Dengan "krodong" sarung, sekitar jam 9 malam kami berangkat, sejam lebih kemudian sampai. Beberapa puluh meter menjelang sampai, rombongan kami yang tadinya ngrumpi cekikikan sepanjang jalan, tiba-tiba jadi diam membisu, hening, hanya suara serangga malam yang terdengar. Bagaimanapun berusaha berani, sulit bagi kami menutupi perasaan takut, terlihat dari langkah kami yang tadinya santai saja menjadi tampak lebih gegas, saya sendiri, jantung berdegup kencang, bulu kuduk merinding, keringat dingin mengucur. Beberapa puluh meter setelah melewati "markas kuntilanak" itu, kami kaget, tiba-tiba salah satu teman kami tampak gemetar, mata melotot, nafas tersengal, wajah pucat dan omongan gagap. Setelah kami tanyai, dia mengaku katanya tadi mencium wangi kembang kantil dan melihat bayangan putih. Lucu juga, teman saya itu paling relijius di antara kami, berjenggot dan kemana-mana berkopyah, dia mengaku punya doa dan jimat penangkal jin tapi kok sebegitu takutnya ama (jin) kuntilanak. Kalaupun betul dia melihat kuntilanak, harusnya tidak setakut itu, justru sebaliknya, diajak ngobrol kek..., atau diusir saja dengan doa dan jimat yang katanya dipunyai! :D

Pertanyaannya, apakah betul teman saya itu nyata mencium wangi kembang kantil untuk kemudian melihat kuntilanak...?. Saya yakin 100% pasti tidak, dia hanya sedang berhalusinasi akibat ketakutan dan prasangka kuatnya akan keberadaan-kemunculan kuntilanak. Sama kasusnya dengan mereka yang mengaku mencium bau wangi dari tubuh teroris atau melihatnya (tubuh itu) dimandikan bidadari. Sama juga dengan orang sinting yang melihat tumpukan koran bekas tampak sebagai gepokan uang. Mereka mabuk bahkan gila, mengalami kerusakan parah fungsi otak akibat kegagalan mengendalikan prasangka, harapan, ketakutan, angan-angan, obsesi, hawa nafsunya sendiri. Mereka orang-orang yang pada dasarnya lemah, mudah tertipu dan terjajah (bahkan oleh pikiran, prasangka, angan-angannya sendiri) sekalipun secara fisik, kata-kata dan imannya tampak kuat.

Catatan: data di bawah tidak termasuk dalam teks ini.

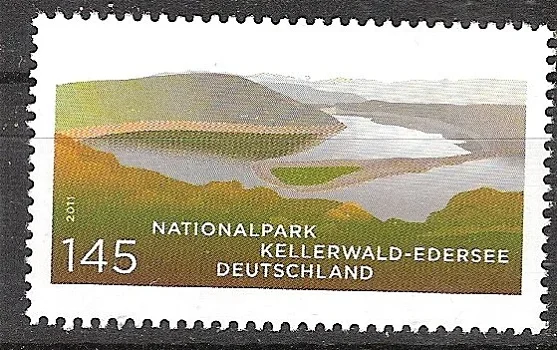 duitsland 2841 - 0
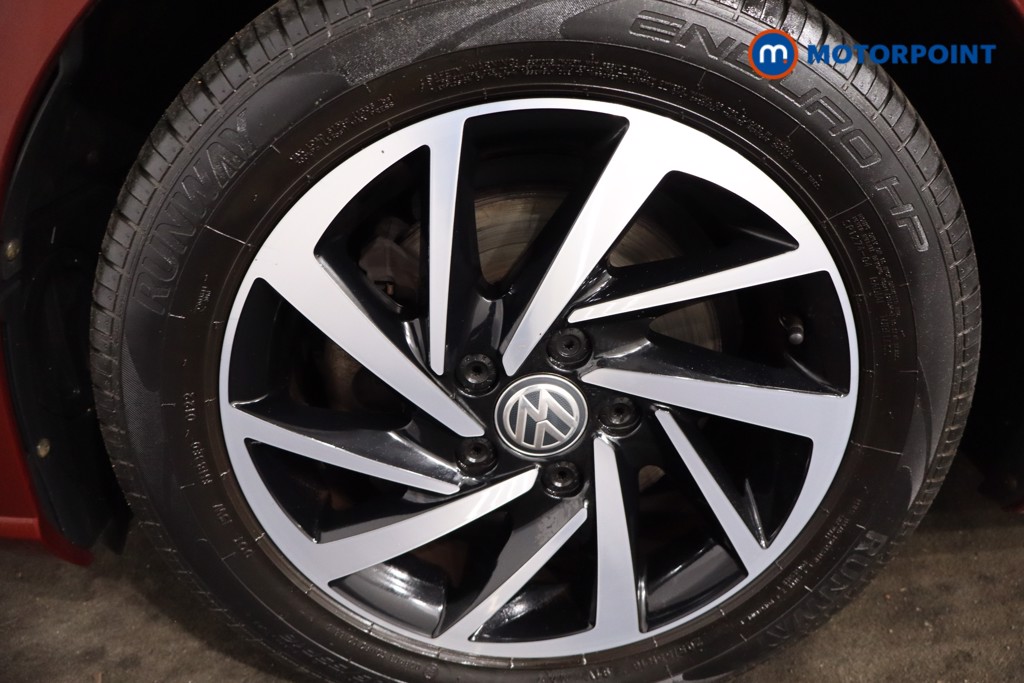 Used Volkswagen Golf 2020 for sale - 76628427: Photo 14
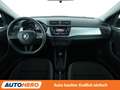 Skoda Fabia 1.0 TSI Ambition Aut.*TEMPO*KLIMA*GARANTIE* Schwarz - thumbnail 12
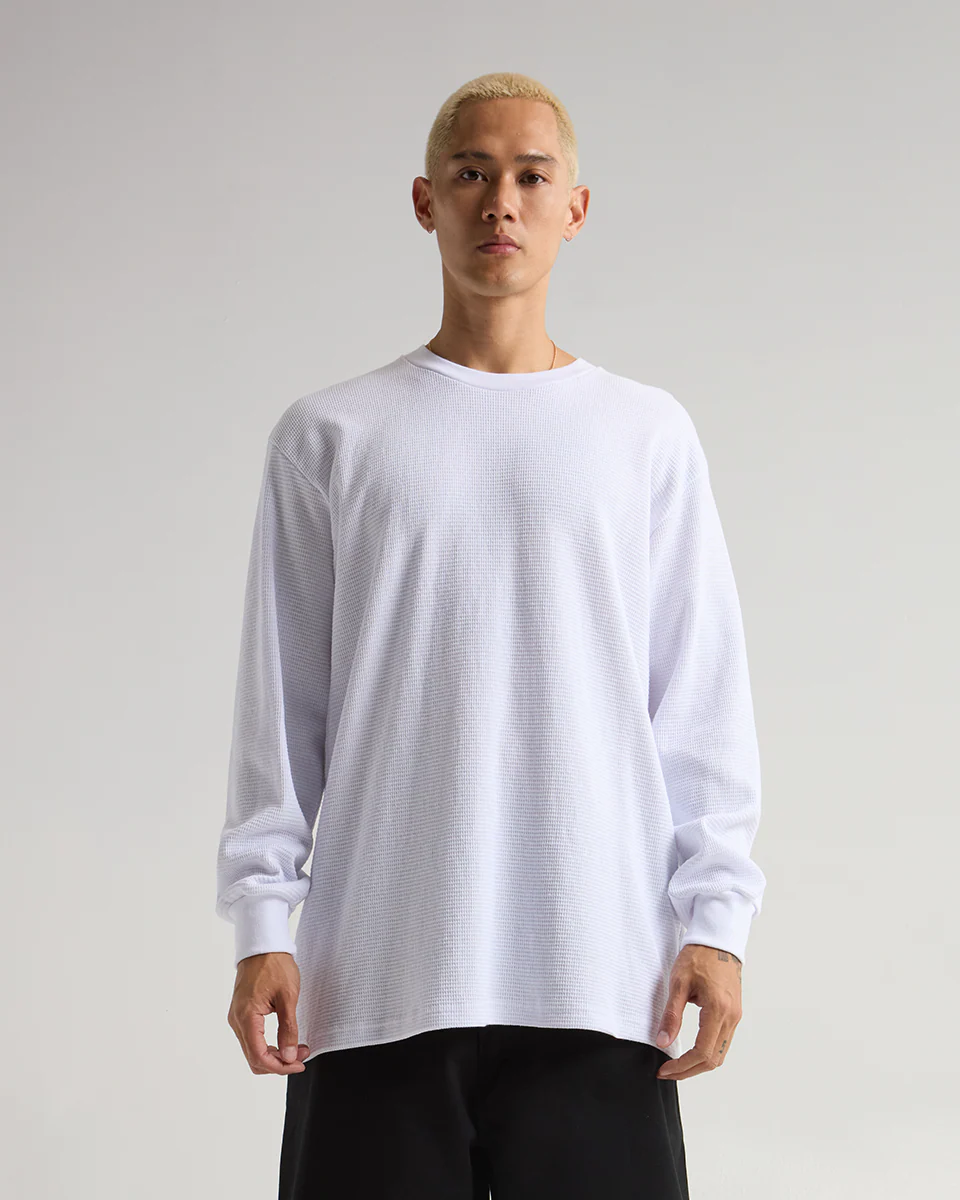 9.0oz Heavyweight Thermal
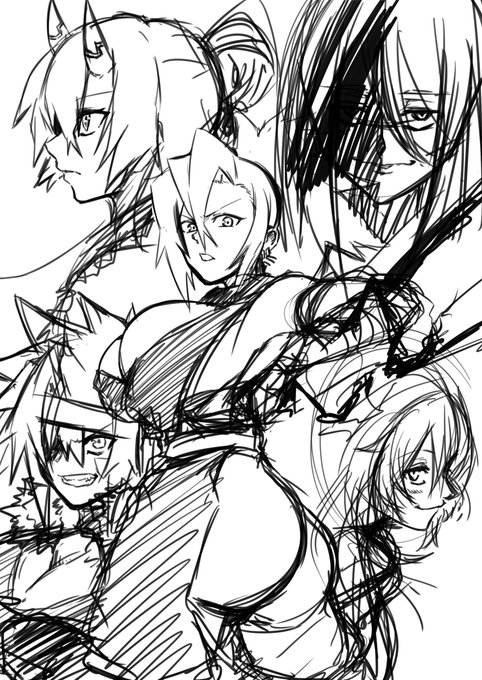 双成珍宝武蔵伝、製作開始…!ツクールMVで! 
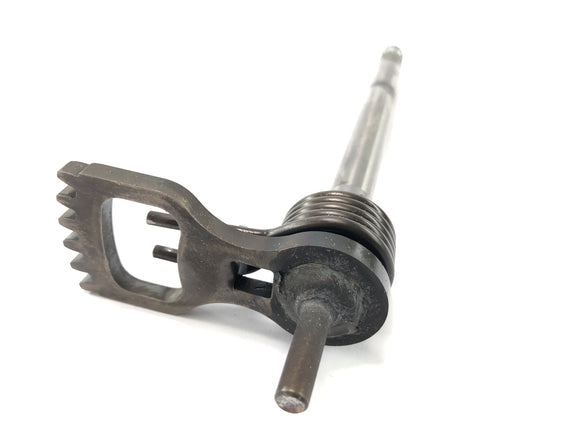 Suzuki DR 350 SK42B [1991] - Switch Wave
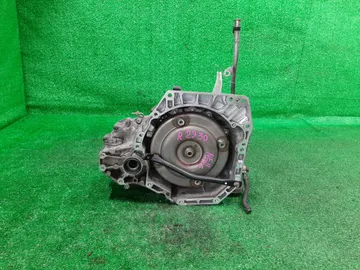 АКПП НА NISSAN NOTE NE11 HR15DE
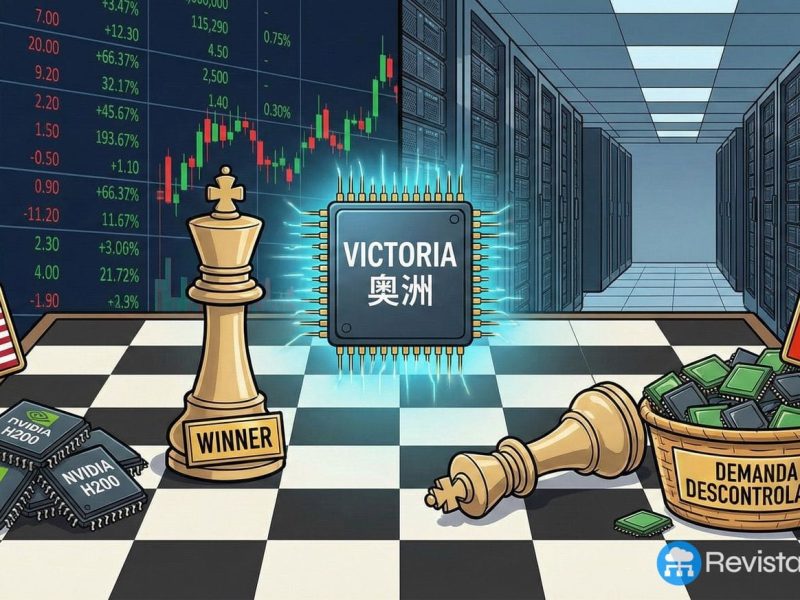 La fièvre pour les NVIDIA H200 en Chine relance la guerre des puces : les États-Unis interdisent la vente mais imposent un péage ; Pékin envisage de fixer des limites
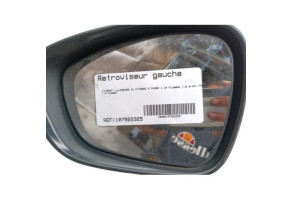Retroviseur gauche CITROEN C4 PICASSO 2 Photo n°2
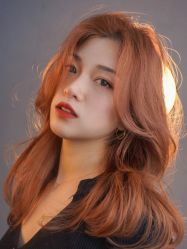 -缪斯造型Muse style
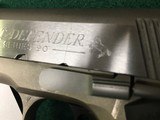 Colt Defender 9mm - 1 of 19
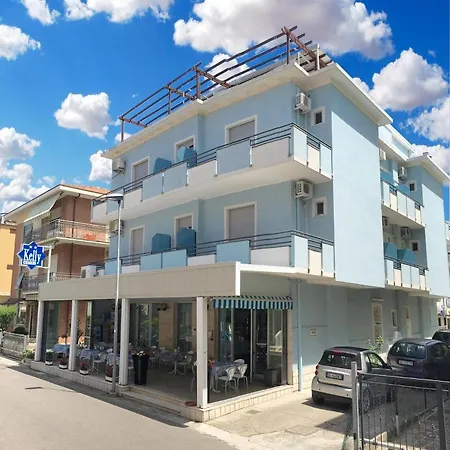 Hotel Kelly-2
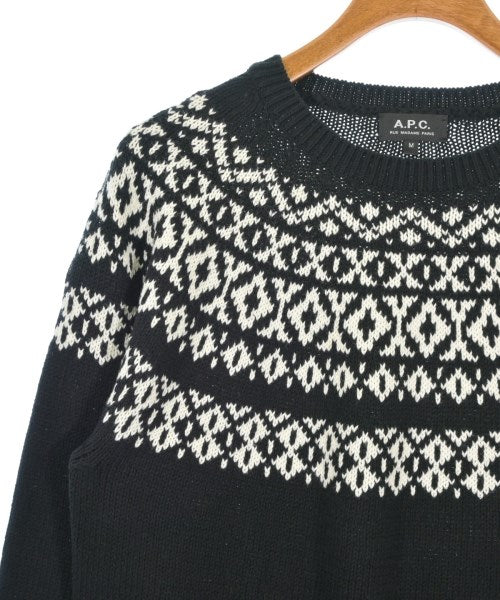 A.P.C. 毛衣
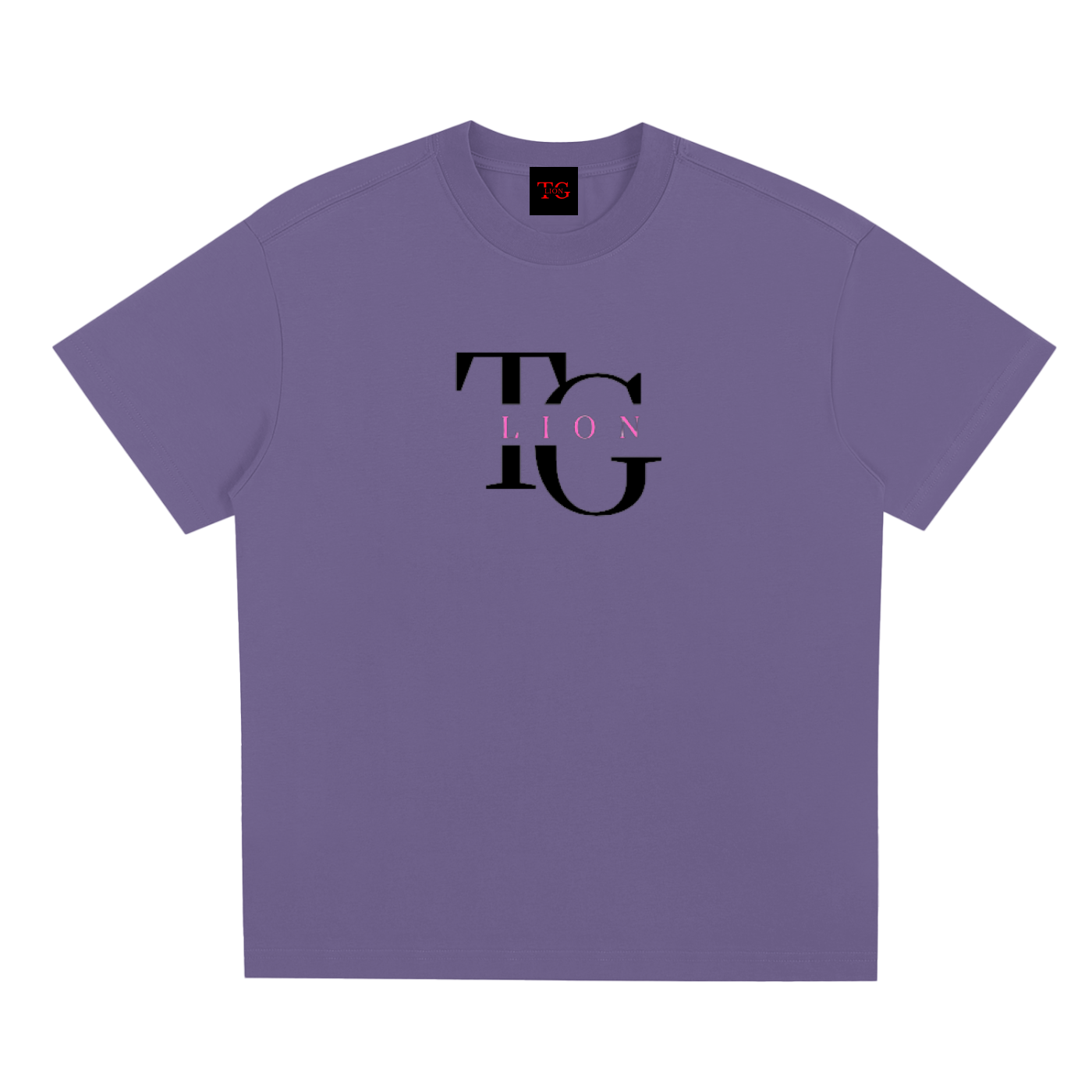 Baby/Toddler Girl T.G. Lion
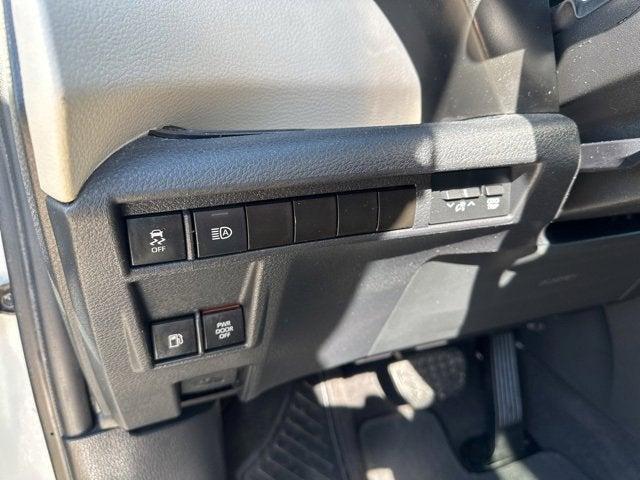 used 2021 Toyota Sienna car, priced at $28,995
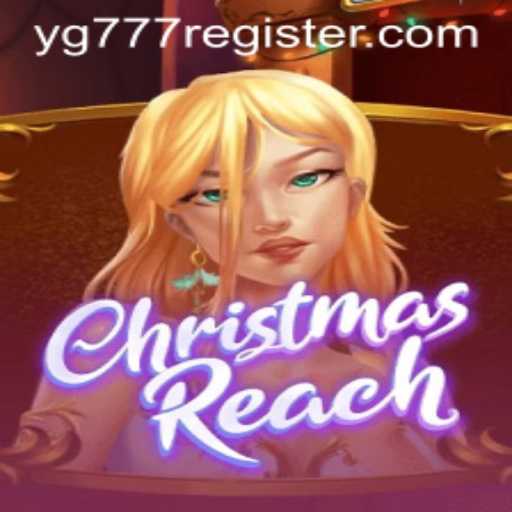 Experience the Magic of Christmas with ChristmasReach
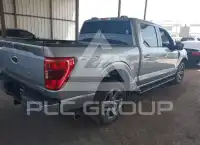 2022 Ford F-150 фото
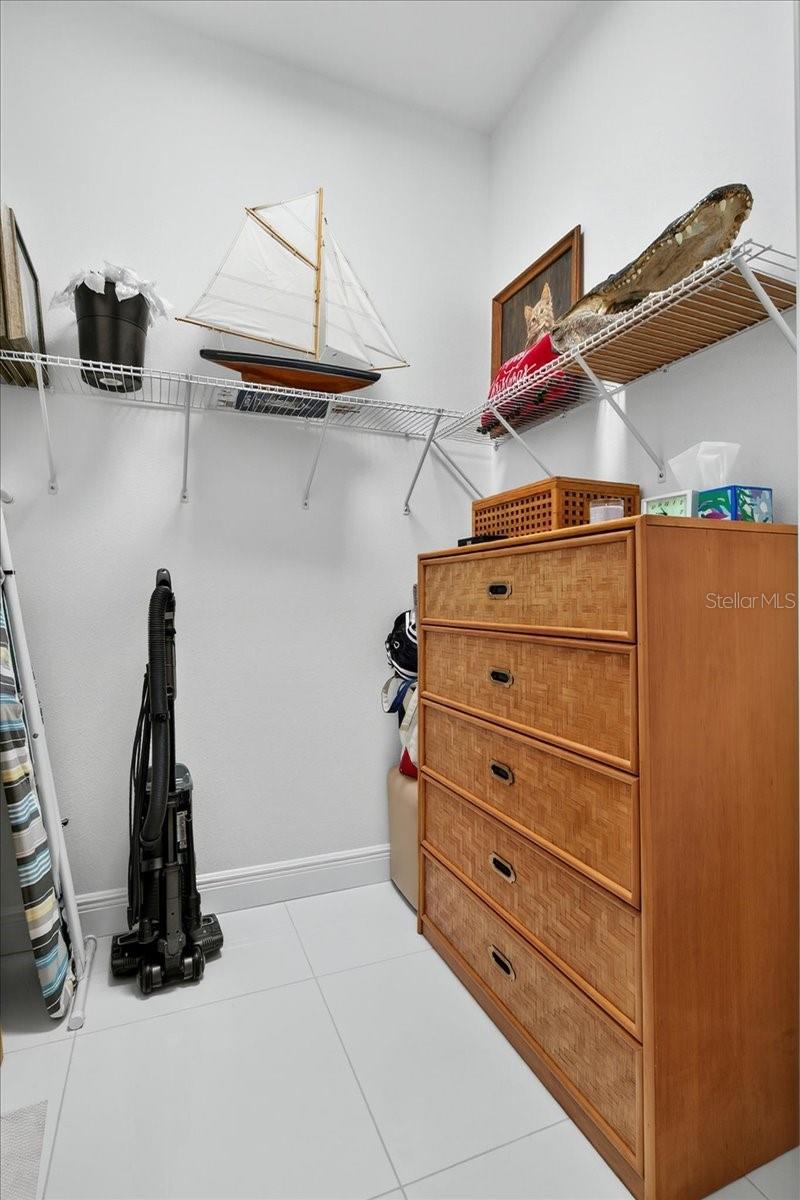 MT OLIVE SHORES NORTH 4TH ADD - Residential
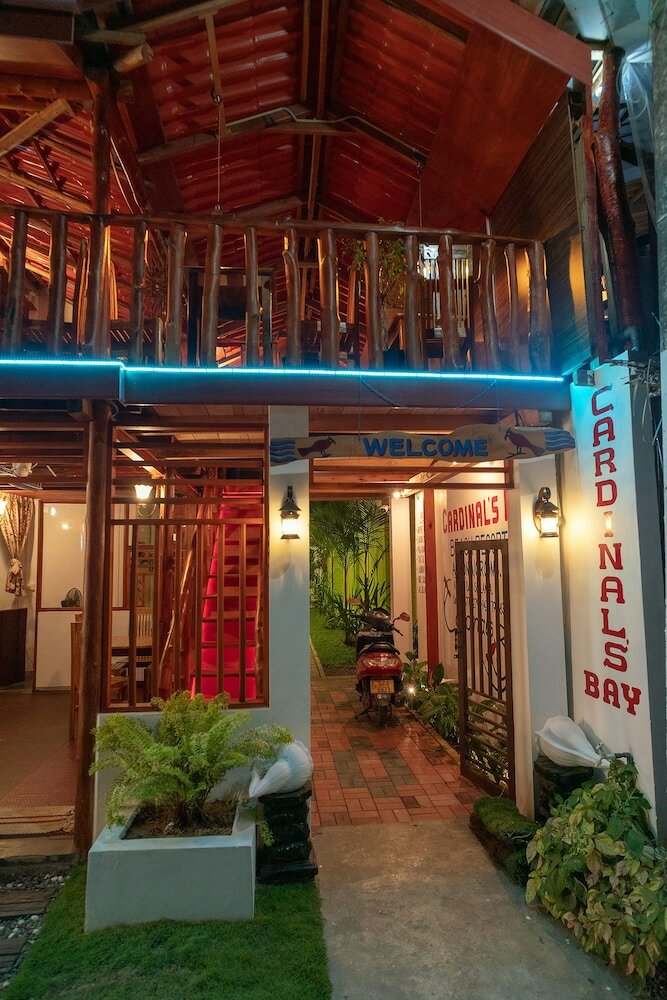 Фото Cardinals Bay Resort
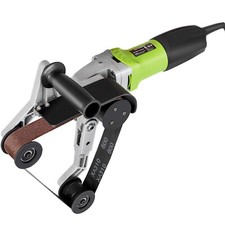 Ponceuse à Bande 800W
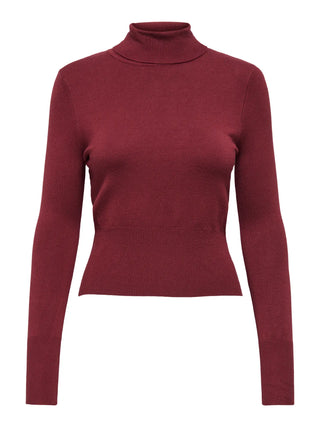 ONLY ANDREA MAGLIA COLLO ALTO 15378350 CBT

Apa yang dialami teman saya itu dulu sebenarnya sama dengan yang dialami banyak orang relijius sekarang, mengalami ilusi, delusi bahkan halusinasi  hebat. Bedanya, hantu yang "dilihat" teman saya itu cuma kuntilanak, sementara "hantu" yang dilihat banyak orang relijius sekarang itu berujud Yahudi, Syiah, Kristen, Asing, Aseng, Komunis, Jokowi..., namanya juga hantu, dimanapun ya pasti sama, tidak nyata, dibesar-besarkan...!.